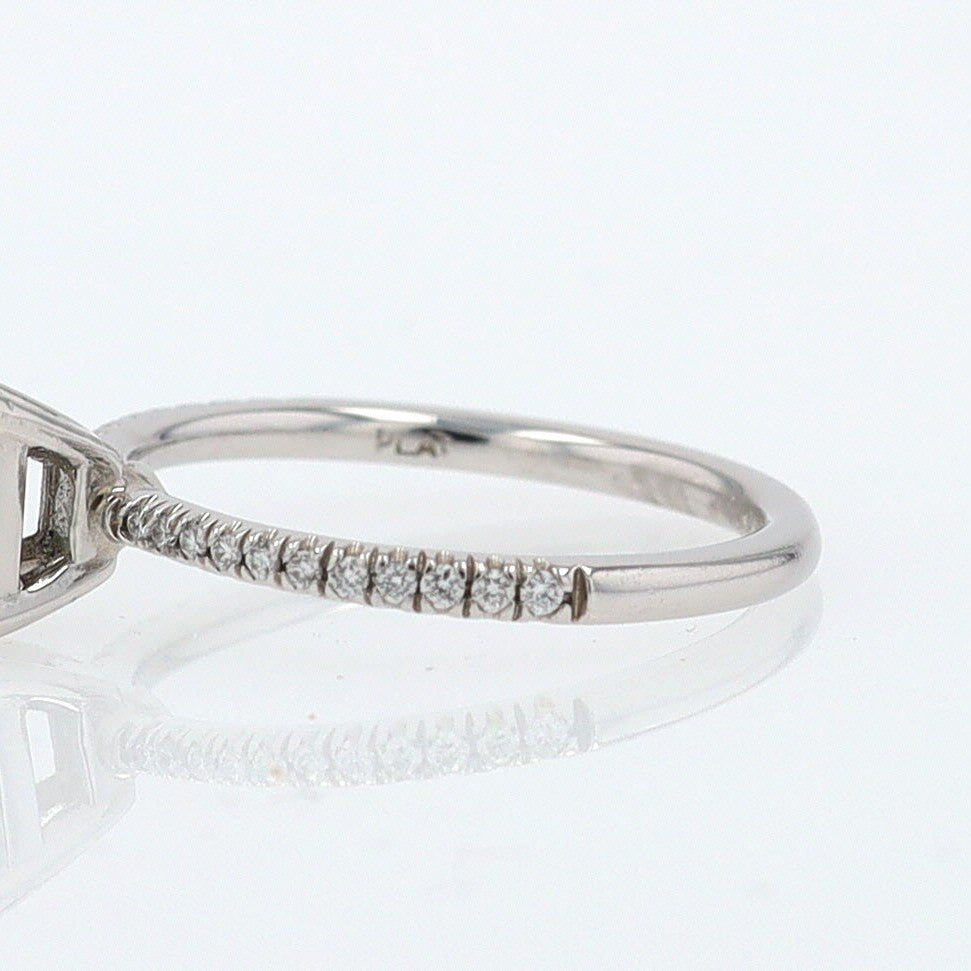 GIA Certified Contemporary 1 Carat Diamond Engagement Ring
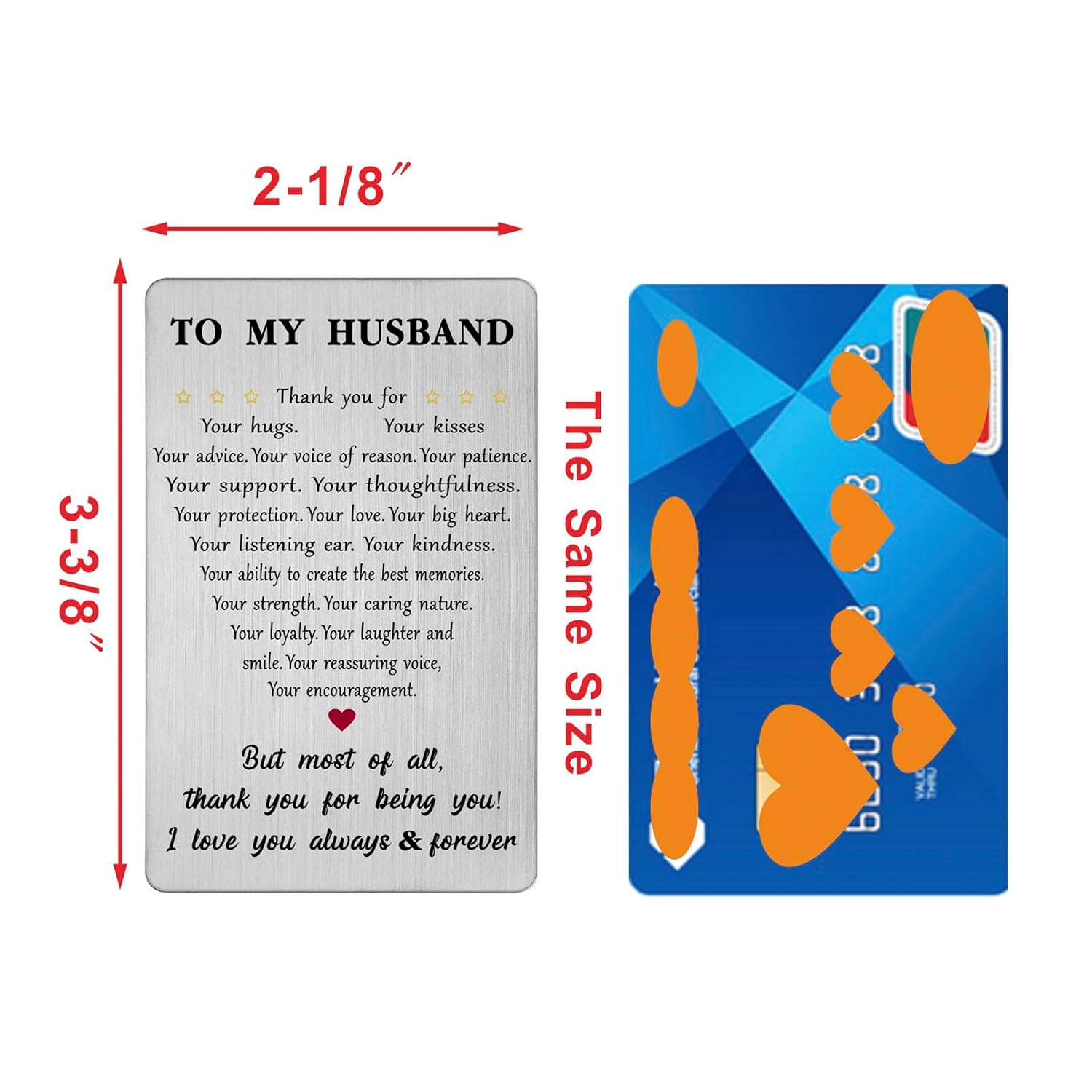 Christmas Card Gifts To Husband - Anniversary Card Gifts For Him, I Love You Card Gift For Men, Husband Wedding Birthday Christmas Fathers Day Presents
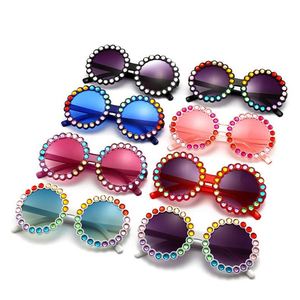 Gafas de Sol Redondas para Niñas, Diseño Retro y Moderno 2022, con Pedrería Colorida - Product Image 6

———

## Problem requirements
Every line above has to be output exactly; the pictures must be dropped.

## Task result
 GIA Certified Contemporary 1 Carat Diamond Engagement Ring
 Christmas Card Gifts To Husband - Anniversary Card Gifts For Him, I Love You Card Gift For Men, Husband Wedding Birthday Christmas Fathers Day Presents
 Gafas de Sol Redondas para Niñas, Diseño Retro y Moderno 2022, con Pedrería Colorida - Product Image 6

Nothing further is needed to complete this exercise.